In this connection, it is encouraging that some lawmakers on both sides of the political aisle are concerned enough about the issue of future oil supplies and protecting conservation efforts to be considering a new tax on imported oil. Can such a tax be justified, given the need of consumers to have as much disposable income as possible to help spur the economic recovery? In part that question has already been answered by the Reagan administration, which has included a $5-a-barrel oil tax as part of its ''contingency'' tax plan that would go into effect in 1985 if federal deficits have not been brought down to acceptable levels by that time. Although the contingency tax proposal is not given much chance for enactment, the idea of the oil tax ought not to be dismissed out of hand by lawmakers. In fact, with prices falling, this is a propitious moment for imposing such a measure for it would not be greatly felt by consumers. The point is that a limited import tax, as favored by Republican Senator Domenici, head of the Senate Budget Committee, could help offset those bulging deficits and protect conservation gains already realized.

Naturally safeguards would have to be written into the legislation to terminate, or lower, such an import fee if oil prices were suddenly to cease dropping or, for whatever reasons, began inching upward again.

Meanwhile, there is one other aspect to the oil issue that deserves comment. It involves the Strategic Petroleum Reserve, which was set up back in 1975 to protect the nation against future oil shocks. After prodding by Congress, the Reagan administration moved with commendable dispatch to fill the reserve. By the end of this year close to half the storage in the reserves will have been filled.

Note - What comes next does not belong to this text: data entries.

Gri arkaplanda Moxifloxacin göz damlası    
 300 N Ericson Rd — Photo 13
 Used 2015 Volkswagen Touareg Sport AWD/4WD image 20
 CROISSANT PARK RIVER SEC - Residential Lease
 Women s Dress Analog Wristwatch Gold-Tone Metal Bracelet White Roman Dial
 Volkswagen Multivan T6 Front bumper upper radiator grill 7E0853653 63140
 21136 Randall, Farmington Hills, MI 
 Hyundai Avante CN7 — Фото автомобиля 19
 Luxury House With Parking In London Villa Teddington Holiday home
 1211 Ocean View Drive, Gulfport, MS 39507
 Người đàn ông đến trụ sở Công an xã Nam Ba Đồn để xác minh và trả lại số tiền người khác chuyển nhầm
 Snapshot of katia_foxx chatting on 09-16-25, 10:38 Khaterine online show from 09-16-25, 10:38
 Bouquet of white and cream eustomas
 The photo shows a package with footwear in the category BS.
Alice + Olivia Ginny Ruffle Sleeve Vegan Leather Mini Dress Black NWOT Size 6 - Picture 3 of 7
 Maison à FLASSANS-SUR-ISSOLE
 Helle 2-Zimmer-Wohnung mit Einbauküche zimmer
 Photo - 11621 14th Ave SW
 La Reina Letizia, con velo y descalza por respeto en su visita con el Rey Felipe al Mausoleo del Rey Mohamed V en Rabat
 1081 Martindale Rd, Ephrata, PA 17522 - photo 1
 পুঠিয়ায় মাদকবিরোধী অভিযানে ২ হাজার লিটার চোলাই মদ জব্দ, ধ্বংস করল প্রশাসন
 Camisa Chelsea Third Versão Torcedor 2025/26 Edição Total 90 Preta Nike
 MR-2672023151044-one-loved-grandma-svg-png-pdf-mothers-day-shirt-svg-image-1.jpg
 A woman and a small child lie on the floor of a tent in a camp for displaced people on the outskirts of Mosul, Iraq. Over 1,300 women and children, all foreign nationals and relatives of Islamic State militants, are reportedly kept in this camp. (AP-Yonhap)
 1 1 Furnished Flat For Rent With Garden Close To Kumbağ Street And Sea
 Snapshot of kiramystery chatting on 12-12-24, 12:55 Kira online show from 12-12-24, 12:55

But now, despite declining prices, the administration is seeking to slow construction of new storage space and substantially reduce purchases. Putting aside all the political factors involved - such as not wishing to offend Saudi Arabia, which has opposed the reserve - what happened to plain old-fashioned business sense? Obviously the time to buy is when prices are dropping and supply is ample. The administration ought to press ahead and fill the reserve as expeditiously as possible.

Americans who waited in long lines at the gas pumps back in the early 1970s and again at the end of that decade, should know better than to engage in wishful thinking about oil.